Roberto Kompany Senior Analyst, Research

"Mobile operators must introduce automation (including AI) to reduce network opex by 2022, but 56% of mobile operators worldwide have little or no automation in their networks as yet."

Many mobile network operators (MNOs) are apprehensive about 5G because their plans to serve the growing demand for network capacity must balance investment in new technology with investment in 4G networks in an environment where ARPU (average revenue per user) has been flat or declining. To complicate matters further, 5G networks will need a far larger number of network elements, such as cell sites and antennas, each of which will be more configurable and more complex to manage manually than past generations of equipment. This article explains how Huawei, as announced at the recent Global Mobile Broadband Forum (GMBBF) 2018, plans to help MNOs to create 'autonomous driving' mobile networks that can be planned, deployed, provisioned, maintained and optimised more efficiently than today's mobile networks.

The RAN is the biggest contributor to mobile network opex

Mobile networks are distributed by nature. They comprise thousands of sites, which require mostly manual design, installation, maintenance and ongoing optimisation. In the past, a new generation of mobile network technology has delivered improved operational productivity, mainly through spectrum and related efficiencies.
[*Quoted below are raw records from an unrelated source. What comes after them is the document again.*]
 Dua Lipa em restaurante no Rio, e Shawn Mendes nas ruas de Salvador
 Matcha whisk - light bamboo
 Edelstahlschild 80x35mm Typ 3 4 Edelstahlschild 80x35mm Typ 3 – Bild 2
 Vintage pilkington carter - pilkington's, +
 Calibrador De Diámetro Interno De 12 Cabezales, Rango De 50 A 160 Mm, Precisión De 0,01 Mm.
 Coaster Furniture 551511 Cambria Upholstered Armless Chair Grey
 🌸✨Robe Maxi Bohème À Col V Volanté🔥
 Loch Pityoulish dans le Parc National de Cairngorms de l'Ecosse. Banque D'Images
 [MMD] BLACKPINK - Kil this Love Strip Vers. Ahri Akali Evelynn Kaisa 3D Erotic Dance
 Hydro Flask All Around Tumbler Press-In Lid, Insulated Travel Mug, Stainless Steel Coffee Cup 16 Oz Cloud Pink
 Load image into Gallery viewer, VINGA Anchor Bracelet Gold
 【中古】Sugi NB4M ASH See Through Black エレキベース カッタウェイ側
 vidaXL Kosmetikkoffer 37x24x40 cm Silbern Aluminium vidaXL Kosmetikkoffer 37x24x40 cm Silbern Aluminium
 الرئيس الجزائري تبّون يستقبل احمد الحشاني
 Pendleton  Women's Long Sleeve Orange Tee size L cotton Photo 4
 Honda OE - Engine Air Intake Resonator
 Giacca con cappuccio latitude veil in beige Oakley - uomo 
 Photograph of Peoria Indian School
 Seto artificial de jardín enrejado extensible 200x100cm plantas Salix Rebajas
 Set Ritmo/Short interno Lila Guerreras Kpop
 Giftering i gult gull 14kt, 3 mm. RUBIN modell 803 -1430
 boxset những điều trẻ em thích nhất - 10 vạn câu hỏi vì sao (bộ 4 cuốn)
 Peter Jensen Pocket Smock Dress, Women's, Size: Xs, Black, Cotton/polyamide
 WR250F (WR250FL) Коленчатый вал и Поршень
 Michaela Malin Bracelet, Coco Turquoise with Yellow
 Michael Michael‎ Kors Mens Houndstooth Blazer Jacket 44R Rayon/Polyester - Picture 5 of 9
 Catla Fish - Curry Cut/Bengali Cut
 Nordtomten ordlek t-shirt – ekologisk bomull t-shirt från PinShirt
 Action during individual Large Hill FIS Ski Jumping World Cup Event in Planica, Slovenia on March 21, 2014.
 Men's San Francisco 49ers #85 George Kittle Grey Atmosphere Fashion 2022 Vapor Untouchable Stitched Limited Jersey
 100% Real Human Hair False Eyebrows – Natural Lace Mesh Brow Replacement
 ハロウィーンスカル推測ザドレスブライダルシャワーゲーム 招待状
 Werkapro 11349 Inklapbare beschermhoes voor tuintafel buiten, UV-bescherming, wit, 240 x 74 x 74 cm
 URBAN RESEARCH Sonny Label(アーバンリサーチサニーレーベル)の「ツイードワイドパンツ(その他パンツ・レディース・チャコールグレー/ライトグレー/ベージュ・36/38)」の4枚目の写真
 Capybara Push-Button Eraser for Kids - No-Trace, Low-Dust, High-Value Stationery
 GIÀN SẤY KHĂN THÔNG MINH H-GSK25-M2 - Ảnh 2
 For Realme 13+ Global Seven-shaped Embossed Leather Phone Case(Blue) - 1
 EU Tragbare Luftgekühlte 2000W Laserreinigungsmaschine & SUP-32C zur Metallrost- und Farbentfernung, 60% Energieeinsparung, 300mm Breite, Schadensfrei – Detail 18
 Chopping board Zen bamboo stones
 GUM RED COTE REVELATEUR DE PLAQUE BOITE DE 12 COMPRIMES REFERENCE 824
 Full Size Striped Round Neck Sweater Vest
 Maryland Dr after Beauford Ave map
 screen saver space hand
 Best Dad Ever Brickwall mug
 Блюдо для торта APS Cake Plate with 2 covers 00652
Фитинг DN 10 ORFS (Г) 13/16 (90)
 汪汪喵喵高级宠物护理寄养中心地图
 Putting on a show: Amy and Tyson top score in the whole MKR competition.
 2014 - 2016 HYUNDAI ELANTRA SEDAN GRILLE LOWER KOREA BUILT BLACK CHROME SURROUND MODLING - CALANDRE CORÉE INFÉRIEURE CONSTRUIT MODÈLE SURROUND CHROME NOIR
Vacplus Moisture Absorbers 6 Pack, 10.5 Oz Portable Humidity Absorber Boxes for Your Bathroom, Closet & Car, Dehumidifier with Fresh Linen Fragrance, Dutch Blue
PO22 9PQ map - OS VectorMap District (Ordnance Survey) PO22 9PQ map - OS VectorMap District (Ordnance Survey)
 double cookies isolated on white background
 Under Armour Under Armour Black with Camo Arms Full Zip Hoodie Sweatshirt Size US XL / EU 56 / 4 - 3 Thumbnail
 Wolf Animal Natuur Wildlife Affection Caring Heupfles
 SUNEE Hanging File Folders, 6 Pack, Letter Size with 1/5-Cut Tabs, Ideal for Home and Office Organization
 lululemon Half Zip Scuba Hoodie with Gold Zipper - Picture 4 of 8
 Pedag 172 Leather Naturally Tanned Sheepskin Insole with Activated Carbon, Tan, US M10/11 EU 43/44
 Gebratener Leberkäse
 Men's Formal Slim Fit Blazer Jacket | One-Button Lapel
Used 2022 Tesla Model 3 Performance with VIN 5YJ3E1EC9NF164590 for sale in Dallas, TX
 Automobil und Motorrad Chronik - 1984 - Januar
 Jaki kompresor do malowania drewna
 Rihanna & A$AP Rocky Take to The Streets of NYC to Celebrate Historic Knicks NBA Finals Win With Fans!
For example, the opex per site for 4G RAN is, on average, 34% lower than that for an equivalent 3G network. However, each new generation, has brought diminishing opex returns from the radio upgrade, and these savings have been offset by the need to invest in greater coverage (more sites) and capacity per site, thereby driving up the absolute network opex.

Figure 1 indicates the typical breakdown of mobile network opex spending in 2018, where the radio access network (RAN) lifecycle tasks account for 29%, plus a sizeable piece of the 12% spent on network support and maintenance.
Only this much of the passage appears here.